### WORK ORDER
For this exercise, the lines from the one with "Thailand snack traditional" through the end of the material below must be output exactly, without pictures.

### STUDY MATERIAL
■ ■ ■ ■ ■

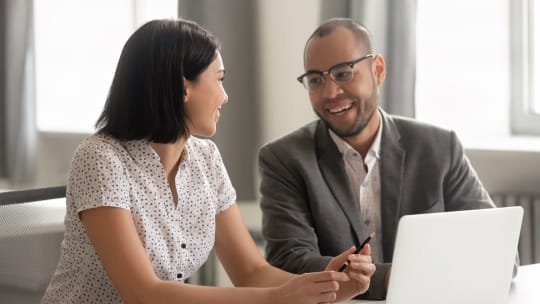 man mentoring woman
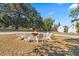 Fire pit with white Adirondack chairs at 103 Green Grass Rd, Summerville, SC 29483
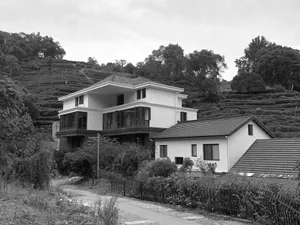 A modern residential house with a concrete exterior, surrounded by greenery and a hillside covered in terraced fields.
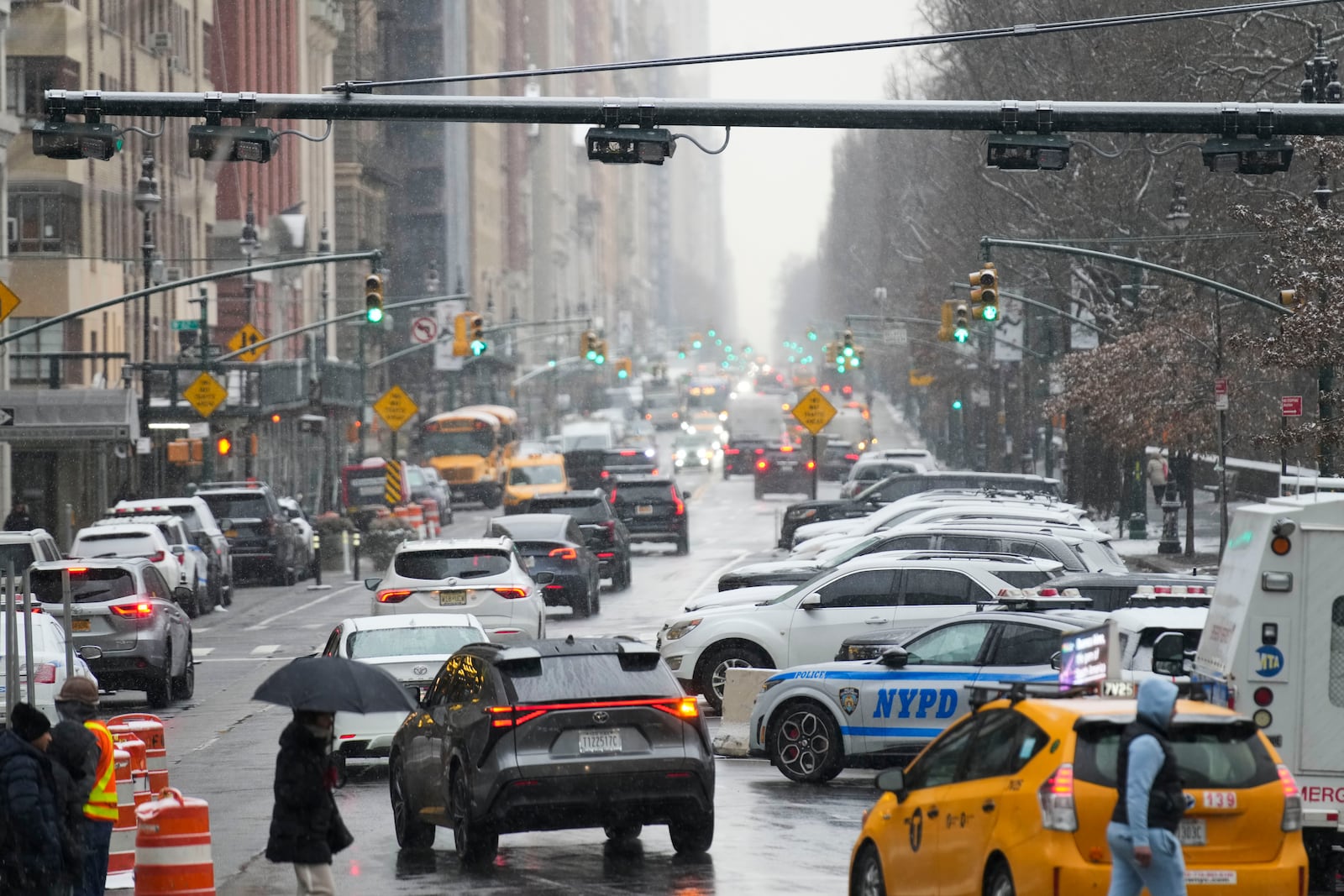 FILE - Devices used for congestion tolling hang above traffic on a Manhattan street in New York, Monday, Jan. 6, 2025. (AP Photo/Seth Wenig, File)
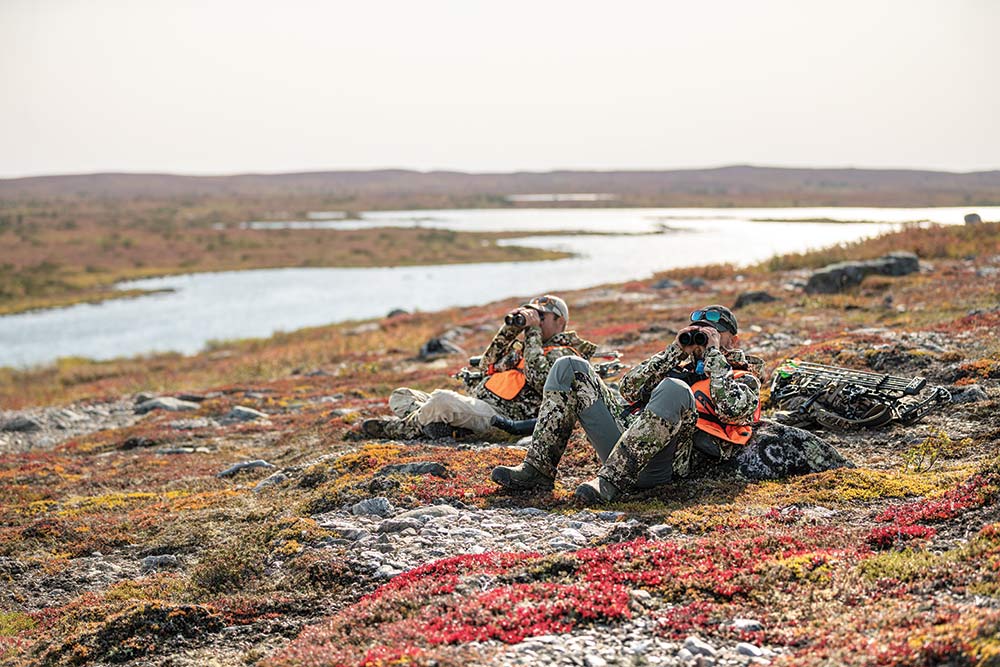 two hunters surveying canadian tundra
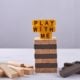 Play with me written on jenga tower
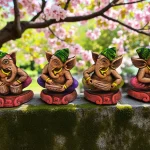 Handmade multicolor burnt clay Ganesha musician figurines set of four with green caps and vibrant detailing, placed on a moss-covered stone surface with blooming pink flowers in the background.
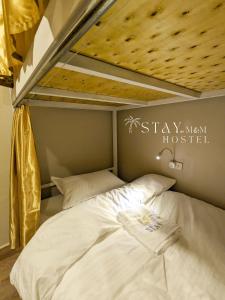 他曲STAY Hostel & Motorbike Rental - Thakhek的现代旅馆标志牌的宿舍间内的一张床位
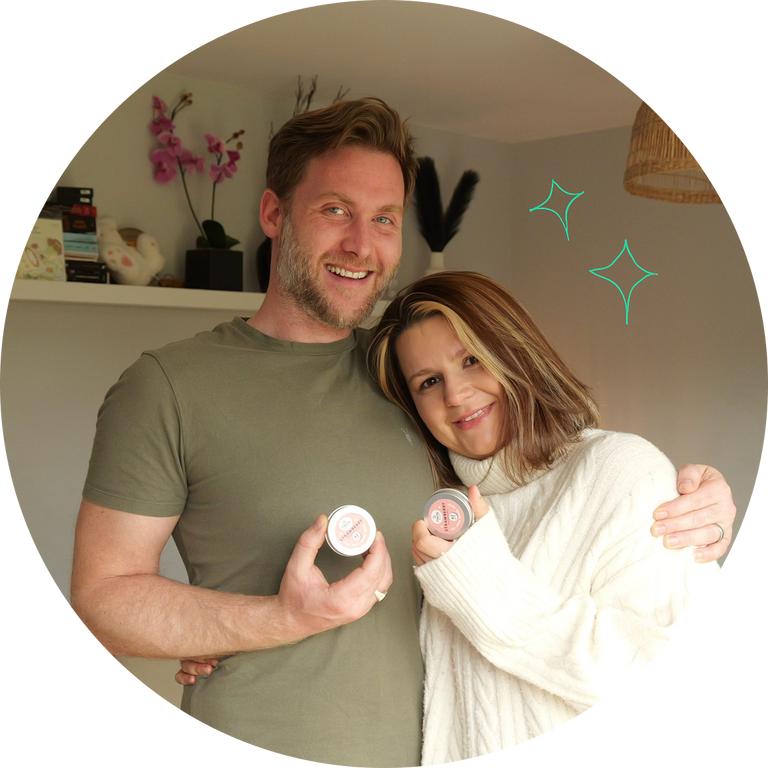 A smiling man and woman standing indoors and holding small round pear;y bites tooth tablets containers. The man wears an olive green T-shirt, and the woman wears a cream cable-knit sweater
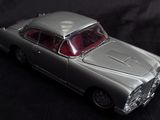 a toy car that is sitting on a black surface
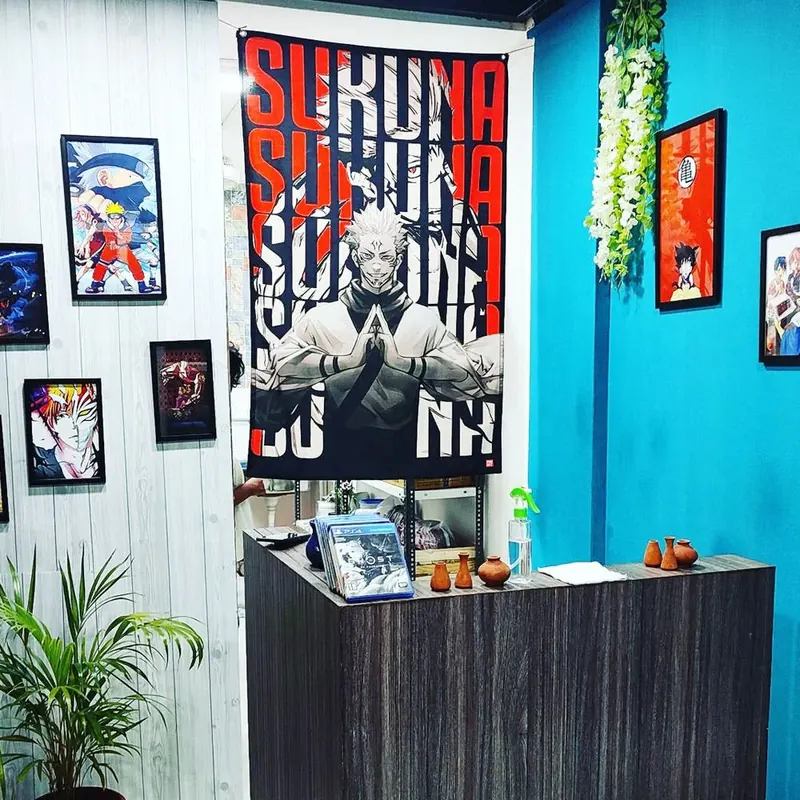 The counter under a Sukuna banner and framed anime posters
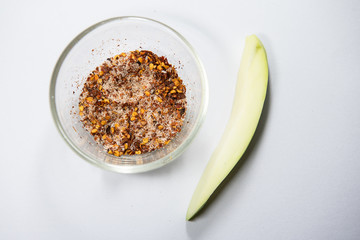 Thailand snack traditional ,Raw mango with salt and chile pepper sauce on white plate.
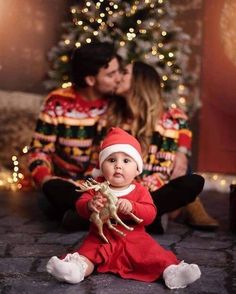 a baby sitting on the floor next to a christmas tree with his mother kissing him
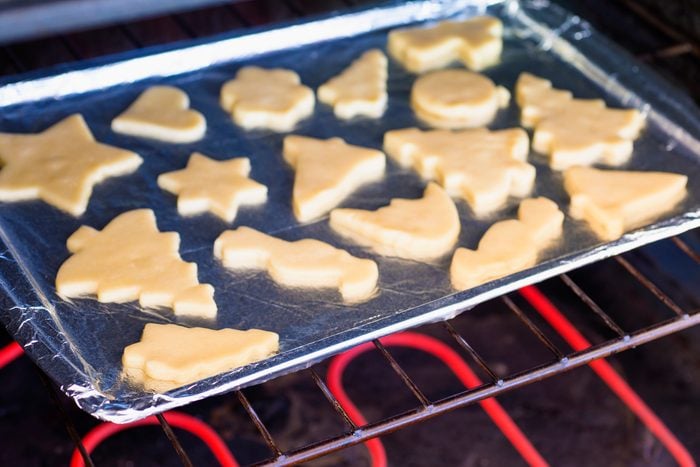 Various cookies shape on a foil lined baking sheet in an oven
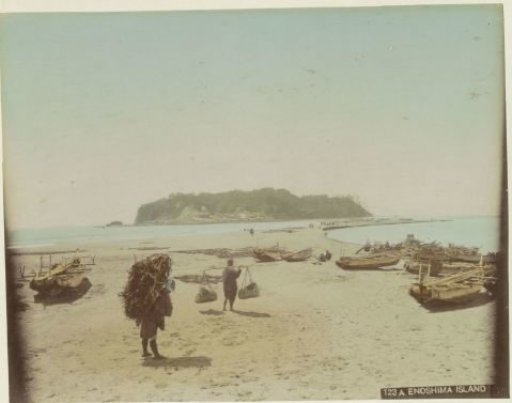 View of Enoshima with boats and bearers in the foreground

■ ■ ■ ■ ■

### SOLUTION FOR THIS PROBLEM
 Thailand snack traditional ,Raw mango with salt and chile pepper sauce on white plate.
 a baby sitting on the floor next to a christmas tree with his mother kissing him
 Various cookies shape on a foil lined baking sheet in an oven
 View of Enoshima with boats and bearers in the foreground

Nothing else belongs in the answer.